Sunday, May 27, 2007

clarity of thought

I recently read "The Hours" by Michael Cunningham. (It's been suggested to me before and I'm fairly fond of the movie, but it's still taken me this long to remember that i want to read it.) Of course I had to read it in the context of having already seen the movie (I prefer to do it the other way around), but I still enjoyed it far more than I expected to. Cunningham's writing is sensory, encompassing sight, sound, smell, taste , and texture, but generally not in an offensive or distracting way. It's more like what your own interior monologue would sound like if you were being particularly observant and had a poetic bent. I liked his descriptions of people's motivations as well, the ways in which he told us why people where acting as they were and also giving us insight into how they related with the other characters. It was very omniscient narrating.
"Richard cannot imagine a life more interesting and worthwhile than those being lived by his acquaintances and himself, and for that reason one often feels exalted, expanded, in his presence. He is not one of those egotists who miniaturize others. He is the opposite kind of egotists, driven by grandiosity rather than greed, and if he insists on a version of you that is funnier, stranger, more eccentric and profound than you suspect yourself to be... it is all but impossible not to believe, at least in his presence and for a while after you've left him, that he alone sees through to your essence, weighs your true qualities... and appreciates you more fully than anyone else ever has. It is only after knowing him for some time that you begin to realize you are, to him, an essentially fictional character, one he has invested with nearly limitless capacities for tragedy and comedy because he, Richard, needs to live in a world peopled by extreme and commanding figures."
The book and the movie center around three women from different times and their intertwined-ness, most graphically illustrated by their relationships to Virginia Woolf's "Mrs. Dalloway." (I haven't read "Mrs. Dalloway" or I'm sure I would have much more insightful things to say about this particular aspect of the book.) Each woman, in the course of her story, experiences a kiss that is somehow pivotal to what she is feeling. Virginia Woolf kisses her sister, Vanessa; Laura Brown kisses her neighbor, Kitty; Clarissa Vaughan kisses her closest friend and past lover, Richard. (Actually, I'm not sure that happens in the movie. I remember a kiss with her long-time partner, Sally, but I can't recall if she kisses Richard or not, or whether it's framed as inportant.) What I thought was interesting was how different these events were in the book, and what a different feel they had to them. Particularly, I'm think of the Virginia-Vanessa kiss; in the movie, I was shocked by the awkward and uncomfortable seemingly out-of-nowhere kiss. I felt that the kiss abrupty broke up the continuity of action, that it was so out of place that everything before it had to come to a stop and the narrative had to take a different direction. Even though the kiss in the book is framed as unusual for the two, it is not a breaking of what has come before, just an outgrowth of it. It is a postive action, not a negative disturbance.
"...Although it is not at all their custom, Virginia leans forward and kisses Vanessa on the mouth. It is an innocent kiss, innocent enough, but just now, in the kitchen, behind Nelly's back, it feels like the most delicious and forbidden of pleasures. Vanessa returns the kiss."
Basically, what I liked about the book was that I finally felt like I understood character motivation and the connections between the three women. There was just so much more clarity. Now I want to see the movie again, to see if it resonates differently with me.

3 comments:

Unknown said...

Ooh, you should definitely read Mrs. Dalloway. It's quite excellent. And the structure and style of The Hours is sort of an homage to the book.

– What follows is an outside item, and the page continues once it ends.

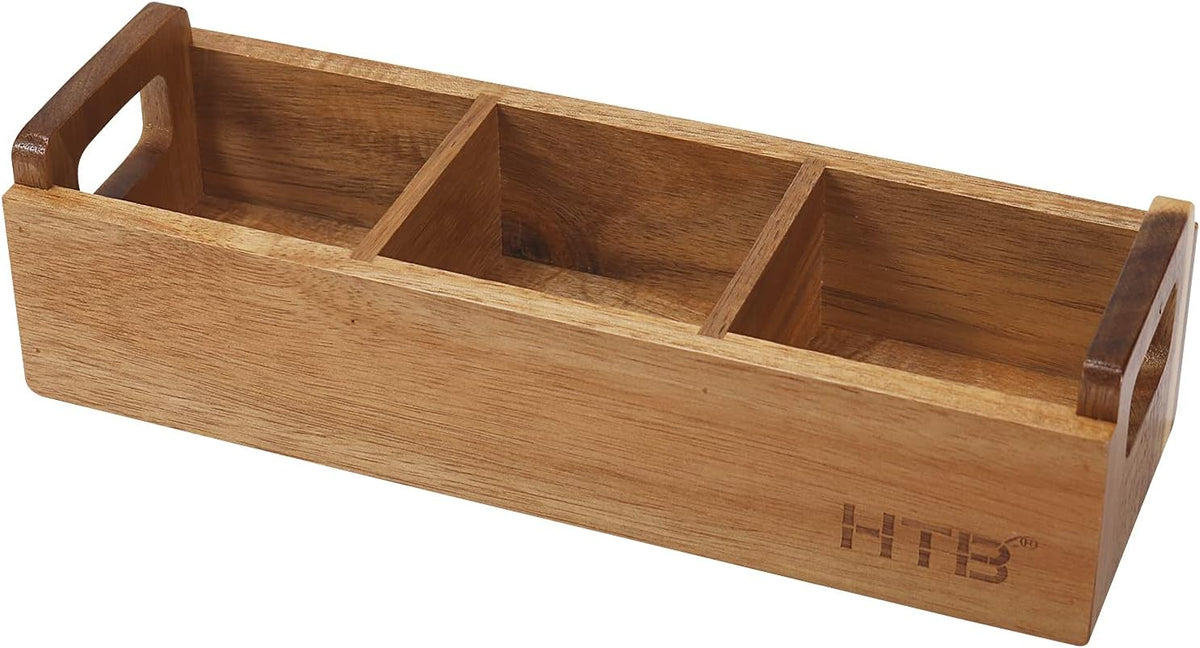 Acacia Wood Tea Bag Box with Handle, 3 Compartments E361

Btw, I read The Hours before I saw the movie, and I really did not like the movie. I thought what was poetic and literary in the book seemed clunky and heavy-handed when translated to the screen. But part of that could have been due to the repetitiveness of the Philip Glass score, which I didn't think really worked for the film.

erica said...

ooh, i'm excited to read it now! i remember feeling sort of ambivalent about the movie, but i should definitely give the book a chance.

a said...

Yeah, I would definitely recommend it! I liked the movie okay (I saw it a second time in Poland, and I think I was just exhausted and had some sort of epiphany but I've never been able to quite recover it), but I really loved the book. I'm amazed at how, with very few plot differences, it could be such a different experience. I totally agree with raquel about the clunky/poetic disconnect.